It would be a brave person who attempted, right now, to reassure Qantas CEO Alan Joyce with the adage that there’s no such thing as bad publicity. On the strength of the Australian flag carrier’s turbulent last few months, Mr Joyce might beg volubly to differ.
An industrial dispute, prompted by plans to cut staff and outsource some of the airline’s operations overseas, was answered by management rather petulantly, grounding the entire Qantas fleet and stranding 70,000 passengers. Mr Joyce himself has also been the subject of considerable animosity, largely from people wondering whether he really needed that 71 per cent pay rise this year, and also whether they were ever going to get home.
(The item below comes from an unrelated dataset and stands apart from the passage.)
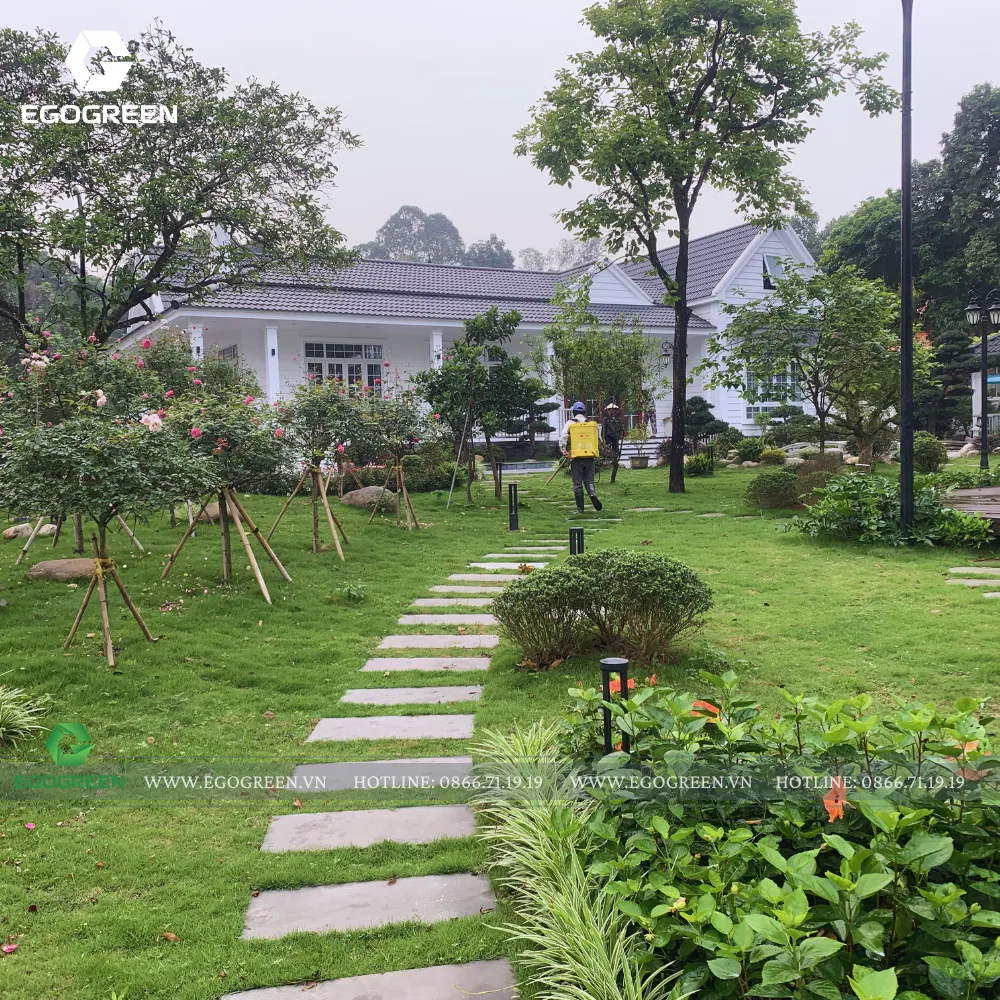 Không gian cây xanh bao phủ lối dạo trong một dự án resort do EGOGREEN thực hiện. 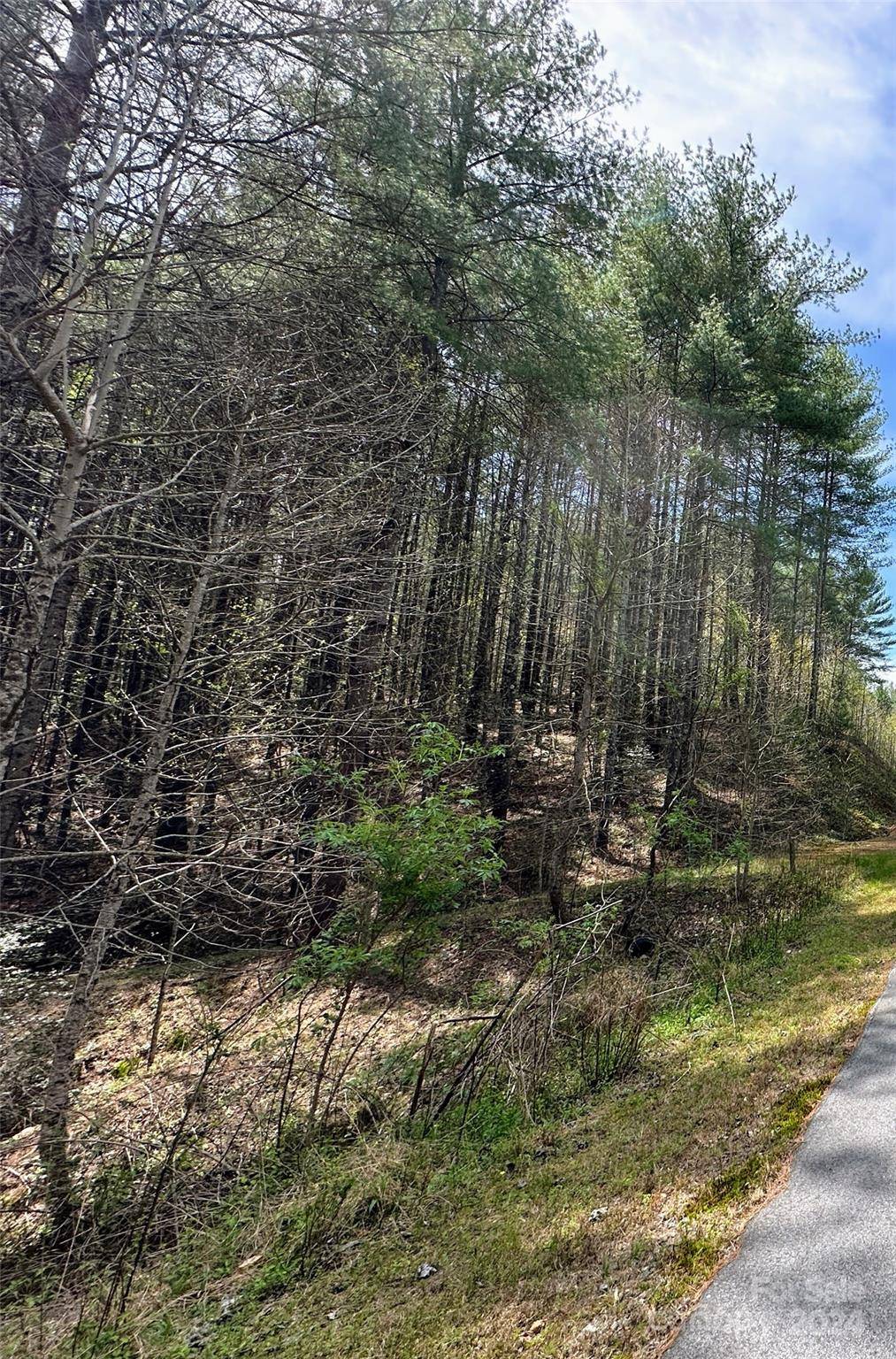 0 National Forest DR #132, Lenoir, NC 28645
Obviously, from a public relations point of view, the flying kangaroo required grooming. On Tuesday morning, Qantas’s official Twitter feed announced a competition. They solicited answers to the question “What is your dream luxury inflight experience?” – and, flirting boldly with calamity, urged “Be creative!”. They introduced a hashtag, #qantasluxury, to promote the viral growth of the competition and offered a prize of – wait for it – a first class gift pack, featuring an amenity kit and Qantas pyjamas. Only, it seems, a Qantas social media marketing expert could fail to predict what would happen next.
Twitter, like all technology, is what its users make it, and what Twitter’s users often make it is an online equivalent of a Roman colosseum, in which the victim of the hour – sometimes merely hapless, sometimes richly deserving – is ripped to twitching pieces for the amusement of jeering onlookers. Qantas, due to a combination of poor timing, blithe hubris and a desultory prize, was chased around the arena with unusually bare-fanged enthusiasm.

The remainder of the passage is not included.